Parents, you may not know about this, but there were many efforts that led to that day of celebration in Juba. Those efforts took place in South Sudan; they took place in Washington, at the United Nations and many capitols around the world. And one of those efforts took place on this campus. What you here at Notre Dame did in 2010 in opening your arms to the beleaguered visiting bishops of Sudan who came to appeal for America’s concern and attention to a crisis in a forgotten part of the world was special. And you heeded their call to action.
CRS and the US bishops’ conference brought Sudanese bishops to the United States to bring attention to the crisis. We chose Notre Dame for the one of the public events.

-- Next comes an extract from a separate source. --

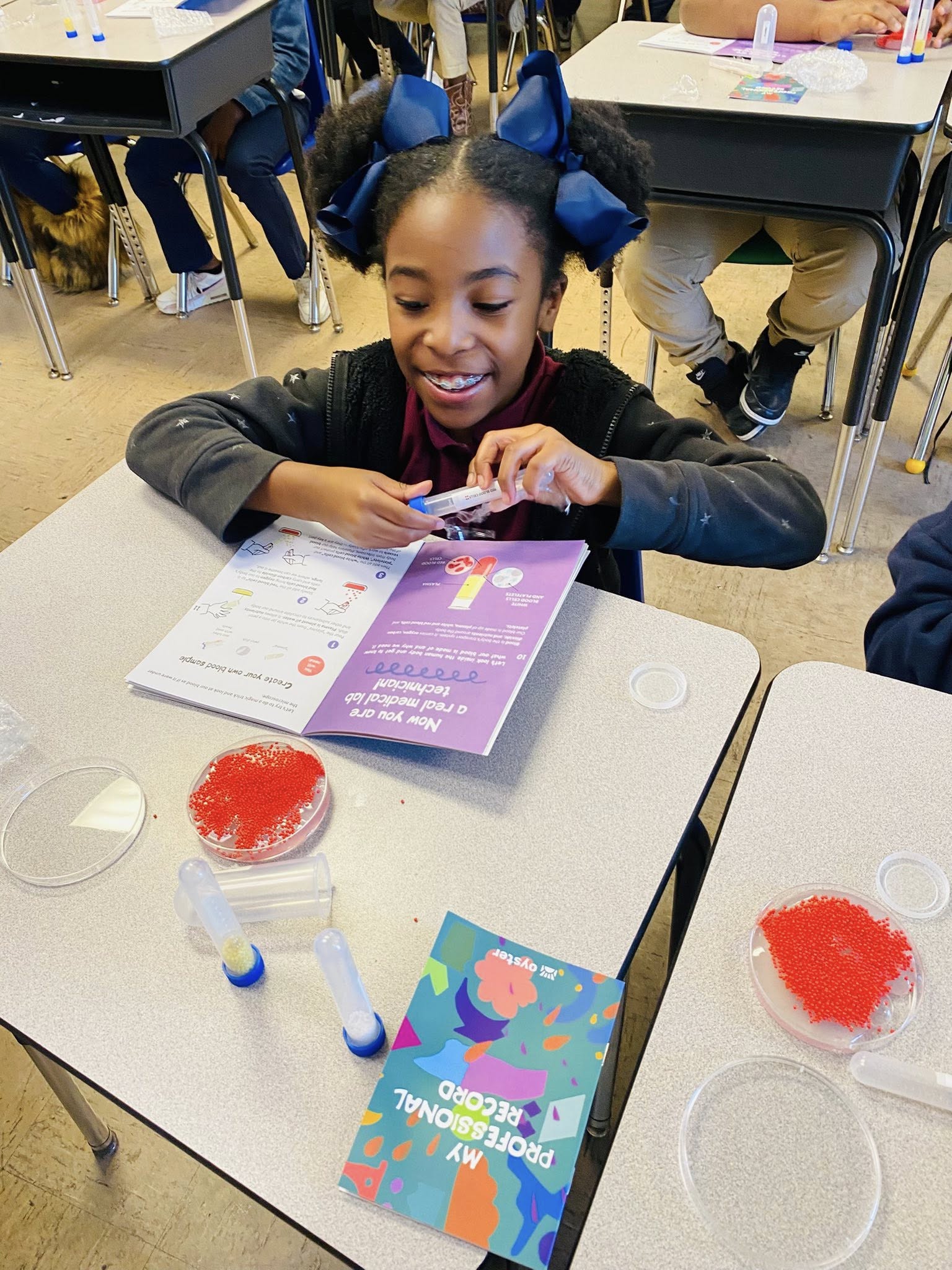 A girl a school desk.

Following the Bishop’s visit to campus, the Notre Dame community — from Father Ted, to coaches, like Mike Brey and the basketball team and Kevin Corrigan and the lacrosse team, to student body president Patrick McCormick, all rallied the athletes, students, faculty, staff, as well as clergy and community members — to come together as a university and publicly advocate to the highest levels of our government for a peaceful referendum process. Through numerous campus events, prayers, petitions and an incredible Playing for Peace rally, your community stood together with one clear voice in support of peace in Sudan.
You sparked an energy that inspired campuses across the country. That spark had an impact on our own government and the attention it gave to the cause of a peaceful transition to independence in South Sudan. I was told by an individual in the White House that the visit of those Sudan Bishops following their enervating experience here on campus was a “game changer.”
Now as you move into a new phase of your life, as you hopefully find a job, pursue graduate study (hopefully not have to move back to you parents house), I hope you will remember what you did for those people thousands of miles away. You helped them attain their political freedom, the freedom to be who they want to be, to practice their religion as they decide to practice it, to have the liberty to make their own decisions.
Today, I would like to leave you graduates with an encouragement as you step off this campus into a different world than exists here in South Bend. You will be successful, and hopefully you will have much joy in the attainment of your success. After four or more years here, I believe it is safe to say you have a broader concern for others, particularly those less fortunate here and around the world. But I would like you to remember what you contributed to in the peaceful transition to independence in South Sudan. You helped people who fought hard and suffered, and sometimes died for liberties.
You have also come to understand and appreciate the value of involvement in service to others and the promotion of a just society. Your time here at Notre Dame has blessed you with both a great education, as well as a profound and enriching experience.
Domers, go out there remembering what you did for the people of South Sudan and change the world for the better.